De blokken worden steeds verder opgebroken, waarbij elk blokje staat voor een bepaalde activiteit. Om zo’n activiteit te beschrijven wordt een werkwoordsvorm gebruikt. Voorbeelden van activiteiten zijn ‘maak afspraak met klant’, ‘bereid werk voor’ of ‘voer reparatie uit’. Is verdere opsplitsing van de blokjes niet meer mogelijk, dan wordt gesproken van een ‘proces’. Wat zo’n proces precies inhoudt wordt niet in detail beschreven, dat gebeurt pas in het vierde venster.

Venster 2: Het berichtenverkeer
Het tweede venster heet ‘berichtenverkeer’. Het doel van dit venster is om vast te leggen wat de specificaties zijn van de berichten, die moeten worden uitgewisseld tussen de ‘processen’ in het blauwdrukvenster. 

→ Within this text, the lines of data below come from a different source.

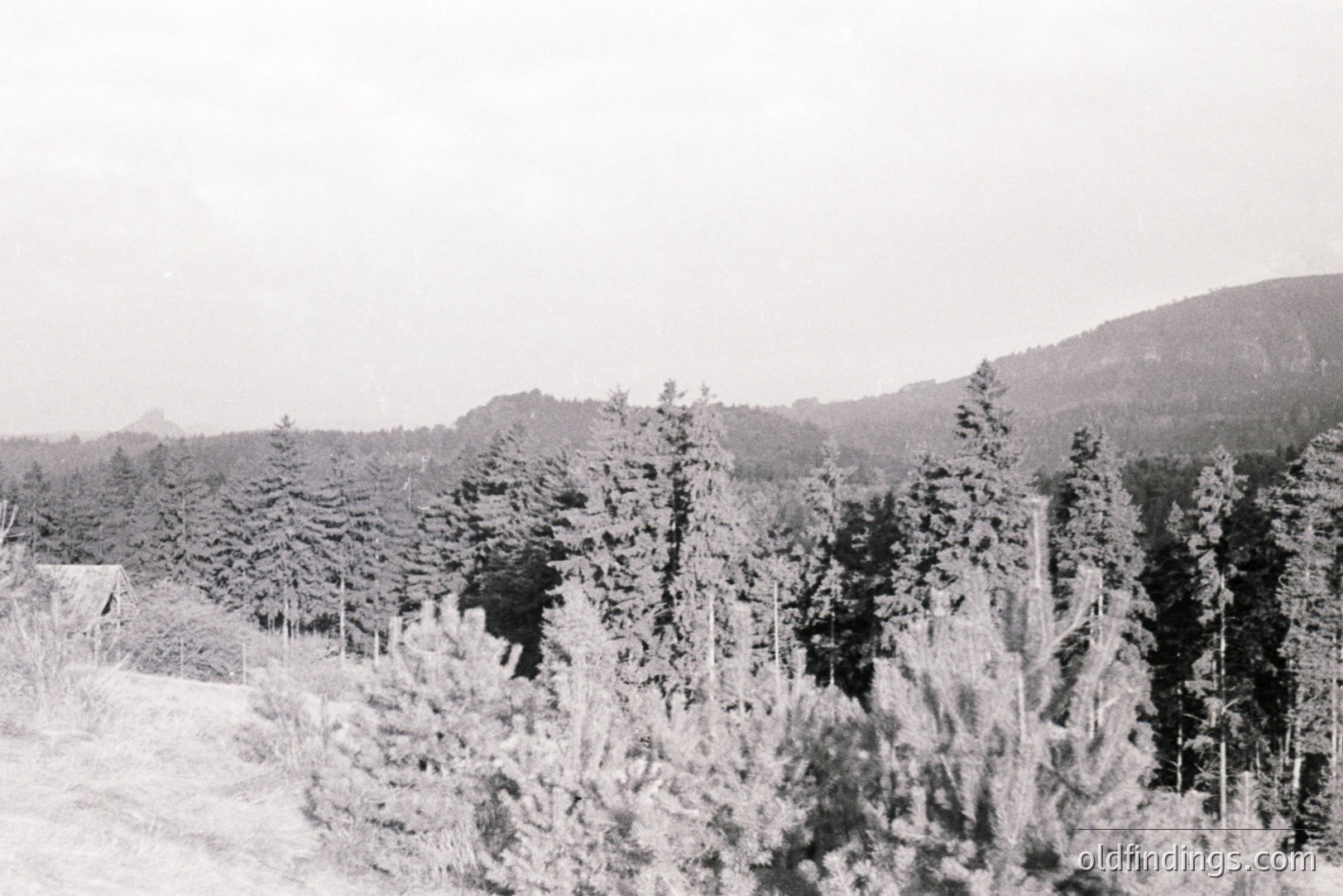 Dense evergreen forest dominates the view, rising to a distant, sloping hillside. A small, simple building is visible on the left. Likely a forestry or rural scene. Appears to be a photograph from the mid-20th century, possibly taken in the Pacific Northwest.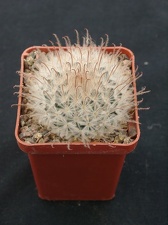 Mammillaria pennispinoza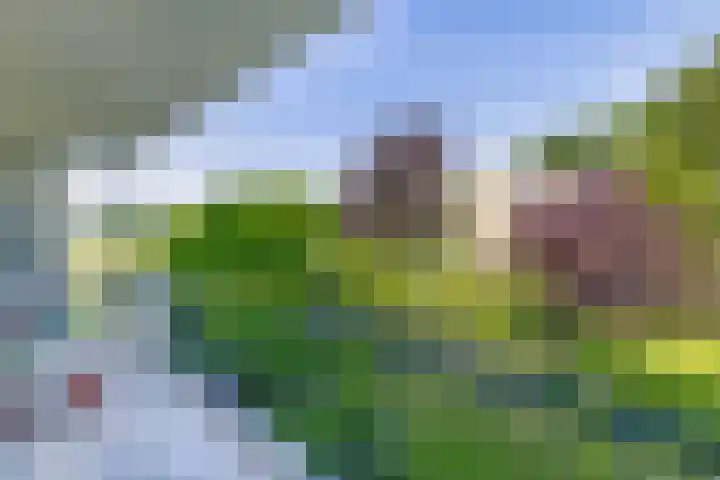 Veen en Duin 56 Bloemendaal thumbnail 20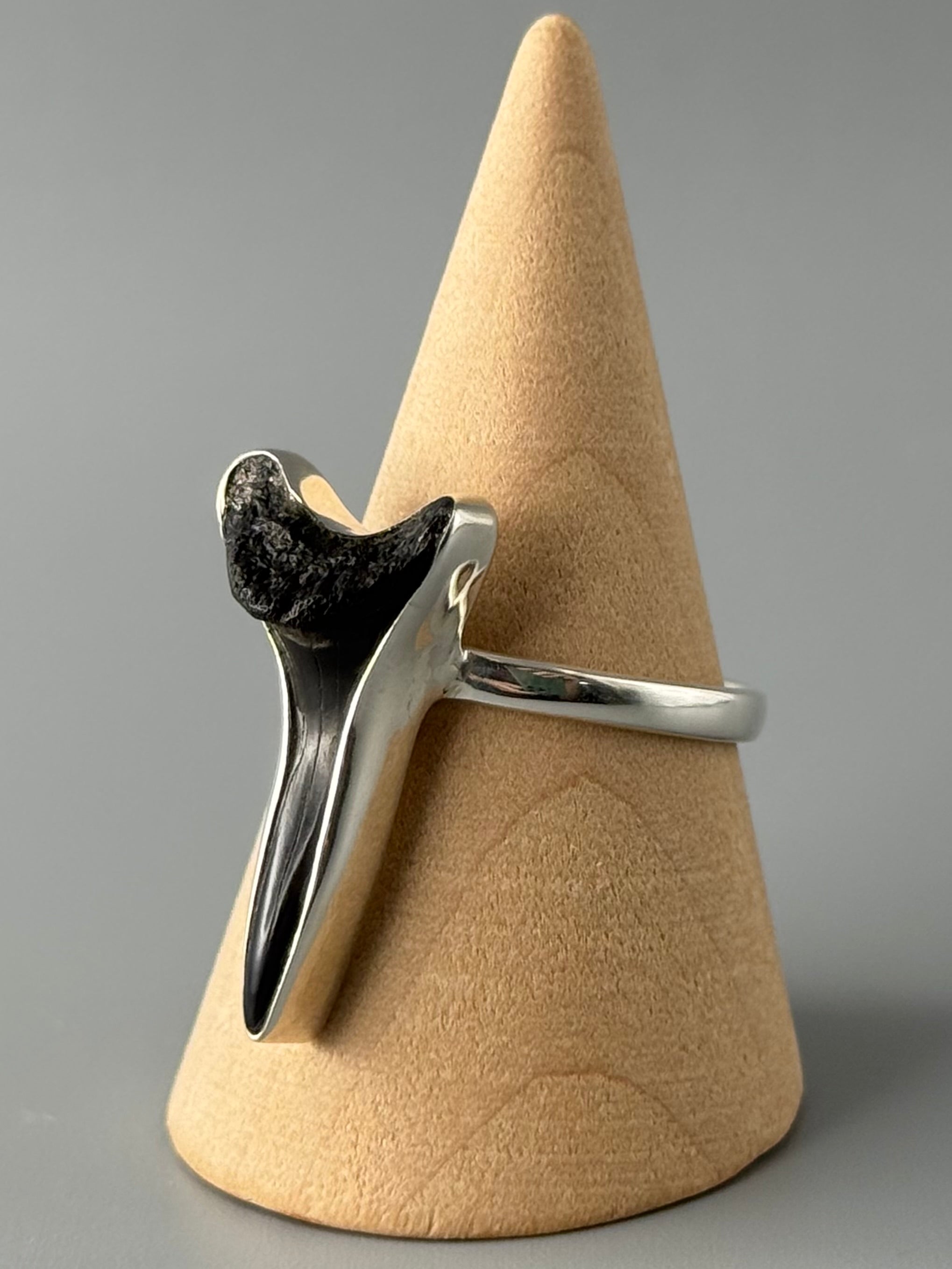 •FOSSILIZED SHARK TOOTH• simple bezel silver ring (size 10)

De berichtspecificaties vormen als het ware de croquetpoortjes van de organisatie. Een correct bericht van proces A naar B is immers nodig om proces B te starten. 

Een voorbeeld van een berichtspecificatie is een verkoopcontract met een klant. Niet alle berichtspecificaties hebben overigens direct te maken met de voortgang van een bedrijfsproces. Het kan ook gaan om een bericht dat alleen vastlegt dat een bepaalde activiteit is verricht, bijvoorbeeld in het kader van ISO 9001.  

Venster 3: Het bestek
Zijn de processen en de berichten daartussen beschreven, dan volgt het derde venster: het bestek. Hierbij wordt vastgelegd wie wat doet in de organisatie, en welke hulpmiddelen (ICT, standaard operating procedures etc.) daartoe nodig zijn. 

Een belangrijk hulpmiddel daarbij is een matrix waarin wordt weergegeven welke rollen bepaalde personen of (verbeter-)teams hebben ten opzichte van het berichtenverkeer. Voorbeelden van een rol die iemand kan hebben zijn het ‘opstellen’, ‘controleren’ of ‘autoriseren’ van een bericht, of ‘actie ondernemen na ontvangst daarvan.’ 

Venster 4: Het bureaublad
Na het bestek volgt tenslotte het ‘bureaublad’. Cockpit was wellicht een betere benaming daarvoor geweest, want het gaat om het vastleggen van de manieren waarop zal worden gemeten of de missie wordt bereikt. 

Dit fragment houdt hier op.